With its permanent seat on the UN Security Council, vast
carbon-dioxide-absorbing forests, and natural resources to produce clean fuels
like hydrogen, Russia could have begun to play a leading role in the global
response to climate change.
The Road To Ukraine
So why didn’t Russia
choose this path? Although Putin’s foreign policy in his first term was largely
pragmatic and fit broadly into this framework, after 2003, the Kremlin’s course
became increasingly focused on revanchism and animosity toward the United
States. Moscow’s reset with Washington during the presidency of Dmitry Medvedev
from 2009 to 2011 was a brief bright spot, in which the United States and
Russia managed to find common ground on a variety of issues—from arms control
and Iran’s nuclear program to Moscow’s accession to the World Trade
Organization and the forging of a new technology partnership.

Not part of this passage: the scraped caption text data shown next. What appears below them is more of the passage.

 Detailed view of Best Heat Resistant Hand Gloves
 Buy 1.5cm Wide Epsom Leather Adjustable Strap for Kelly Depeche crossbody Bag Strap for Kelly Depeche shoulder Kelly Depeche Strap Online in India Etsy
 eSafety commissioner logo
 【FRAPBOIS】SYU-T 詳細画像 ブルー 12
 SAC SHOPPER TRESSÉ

But this
rapprochement quickly ended with Putin’s return to the presidency in 2012.
Feeling betrayed by Western intervention in Libya and support for the Arab
Spring, Putin became increasingly fixated upon alleged U.S. efforts to promote
regime change in Russia. This obsession was intensified by waves of street
protests in Moscow in late 2011 after a rigged parliamentary election. His
overreaction to the Maidan protests of 2014 led to Moscow’s decision to annex
Crimea and fuel a brutal war in the Donbas. In the years after 2014, Russia’s
relations with the West were on a downward spiral, although Russia still had an
opportunity to pull back and rebuild its relations with the West. Despite
significant sanctions, Moscow still had significant energy ties to Europe and
continued to play a constructive role in nuclear diplomacy with Iran. But once
again, Putin chose a darker path, deciding on the full-blown invasion of
Ukraine in February 2022.
The main reason for
Russia’s missed opportunities lies in the choices that Putin and the country’s
elites have made over the past two decades and the direct connection of these
choices to Russia’s domestic politics. Concerns about U.S. efforts to impose
democracy via “color revolutions” in Georgia and Ukraine fed into Putin’s
growing suspicions and hostility toward the West. The decision to center
Russia’s prosperity on the state-controlled extraction sector instead of
building a diversified economy anchored in the rule of law was also a fateful
choice that set Russia on its current course. Over the past decade, Putin and
his inner circle gradually suppressed the discussions that had been taking
place in society and among the elite about a new, more open Russian state and
replaced them with propaganda and imperial nostalgia, which fell on the fertile
ground following the trauma of the Soviet collapse.
In seeking to define
itself as a great power in the twenty-first century, Russia has adopted a
contemporary version of the Soviet Union’s Cold War standoff with the United
States: only by controlling more territory, confronting the West, and opposing
Western security alliances, Moscow has decided, can it assert its power in the
world. The contrast with what might have been is hard to overstate. Instead of
invading Ukraine, the Russian government could have offered a vision of a
secure country with a high degree of strategic autonomy and inclusive economic
growth, resulting in Norwegian-level wealth, Japanese-level life expectancy,
and science that, among other things, would enable it to be a leading power in
addressing climate change and pursuing the next frontiers in space exploration.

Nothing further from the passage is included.